In Südafrika ist die Gewalt gegen Kinder und Frauen allgegenwärtig, nicht nur in den Townships. Man schätzt, dass jede dritte Frau vergewaltigt wurde, noch bevor sie das 18. Lebensjahr erreicht. Rund 2.500 Frauen im Jahr werden ermordet: erschlagen, erwürgt, erschossen. Das milde Urteil im Fall Pistorius wird nicht nur nach Befürchtungen südafrikanischer Feministinnen die Hemmschwelle in Sachen Gewalt gegen Frauen noch senken.
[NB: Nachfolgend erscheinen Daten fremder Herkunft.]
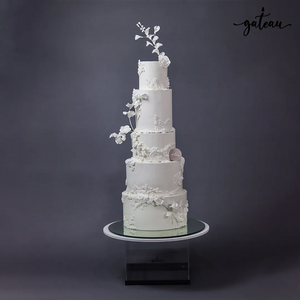 Gateau Gourmet Cafe minimalist wedding cake with six white tiers and delicate floral decorations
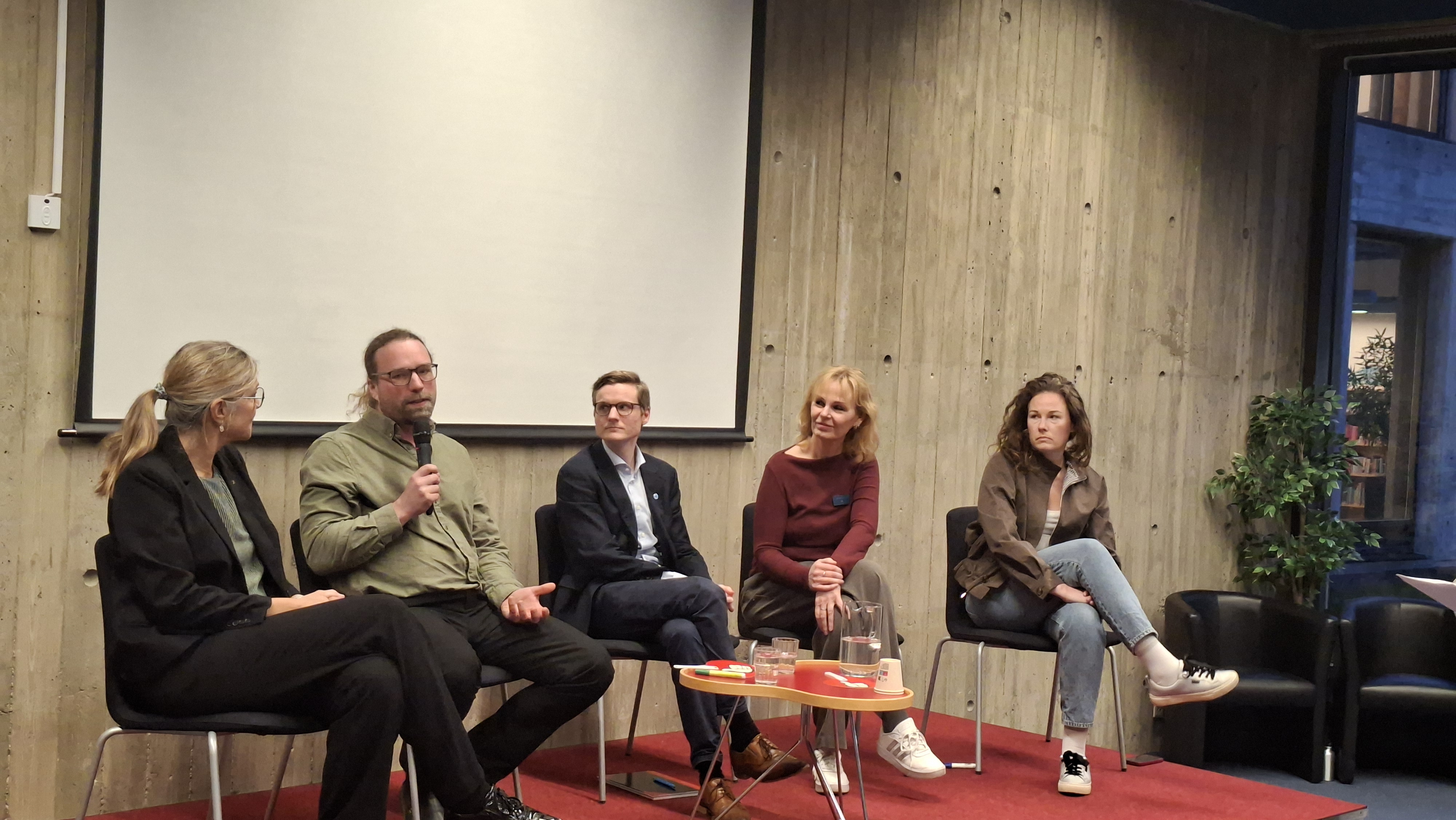 Fem personer sitter på stolar framför en tom projektorduk, en person talar i mikrofon under en paneldiskussion i ett rum.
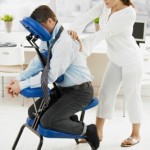 picture of Businessman sitting on massage chair, getting back massage. 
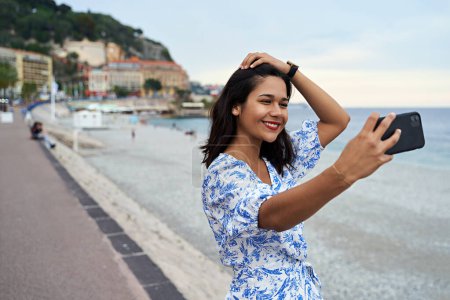 Téléchargez les photos : Belle jeune femme souriante prend selfie avec un smartphone à la Promenade des Anglais à Nice, France - en image libre de droit
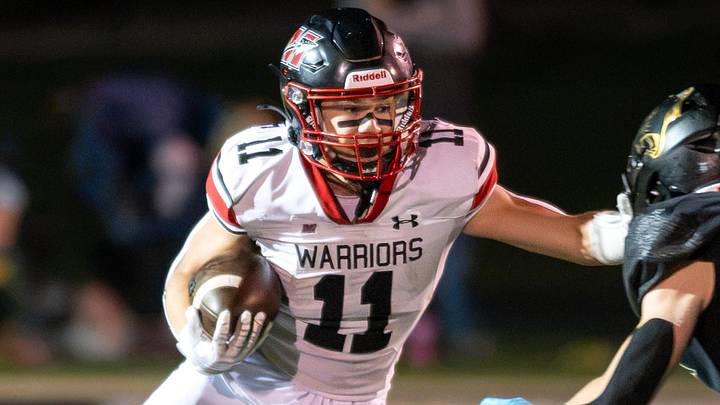 Muskego running back Aiden Perlberg (11) sprints upfield versus Franklin in a Classic 8 Conference game on September 25, 2026. Muskego running back Aiden Perlberg (11) sprints upfield versus Franklin in a Classic 8 Conference game on September 25, 2026.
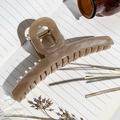 Macro detail of large marble brown hair claw clip on notebook with lifestyle decor - Milk Coffee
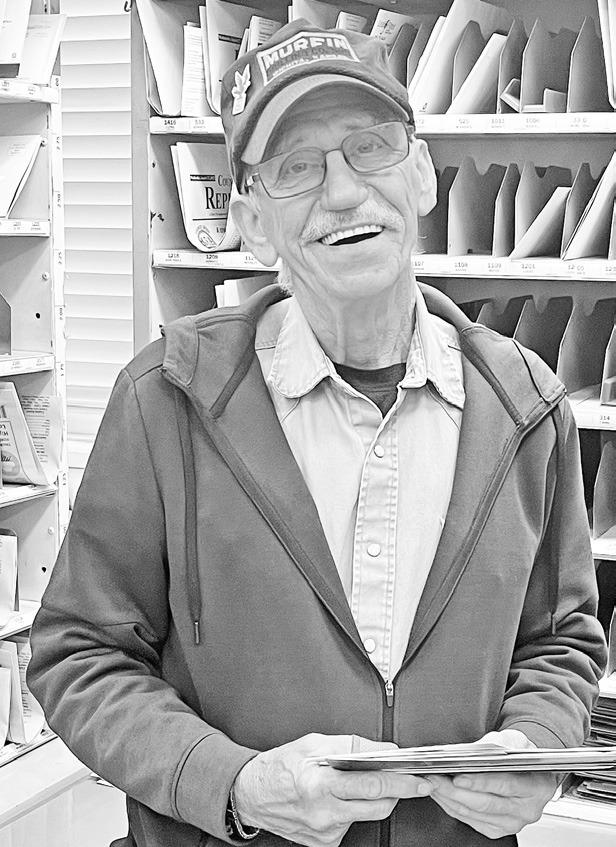 RIFFEL RETIRING AFTER 29 YEARS -- Ken Riffel (left) was all smiles this morning as his USPS co-workers celebrated his 29 years of service by decorating his work sorting area (above). Riffel’s last day of service is Friday.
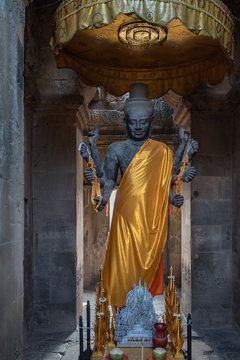 Huge Vishnu statue at the entrance of Angkor Wat temple, Siem Reap, Cambodia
Der Fall des afrikanischen Läufers erinnert frappant an den Fall eines deutschen Boxers: Bubi Scholz, auch er zu seiner Zeit berühmt, wenn auch nicht mehr im Ring.

Scholz hatte vor genau 30 Jahren seine Frau erschossen, ebenfalls durch die Badezimmertür. Und obwohl er sogar die Silhouette seiner vor ihm und dem Jagdgewehr flüchtenden Frau durch die Glastür des Bades hatte sehen können, bekam er nur drei Jahre und war sehr bald wieder frei.

So ein Frauen-
leben ist eben
nicht viel wert.

Das Herz der Nation schlug damals nicht etwa auf der Seite des Opfers, sondern auf der des Täters. Der arbeitslose Bubi sei von seiner tüchtigen Frau (die eine Drogerie auf dem Ku’damm führte) ja regelrecht abhängig gewesen, klagte der unnachahmliche Gerhard Mauz im Spiegel und die Saarbrücker Zeitung seufzte: „Vor Gericht macht Bubi eher den Eindruck eines Opfers denn eines Täters.“

Zwei Jahre nach den tödlichen Schüssen auf seine Frau konnte Bubi Scholz das Gefängnis verlassen. Abgeholt wurde „der Boxer mit dem gebrochenen Herzen“ im weißen Mercedes von seiner Freundin, die er seit fünf Jahren hatte. Und sodann kassierte er noch obendrein die 650.000 DM Lebensversicherung seiner Frau. Denn es war ja weder „Mord“ noch „Totschlag“, sondern nur „fahrlässige Tötung“.

Ganz wie im Fall Pistorius.

So ein Frauenleben ist eben nicht viel wert. Vor allem dann nicht, wenn der arme Mann so „leicht erregbar“ ist, wie Pistorius.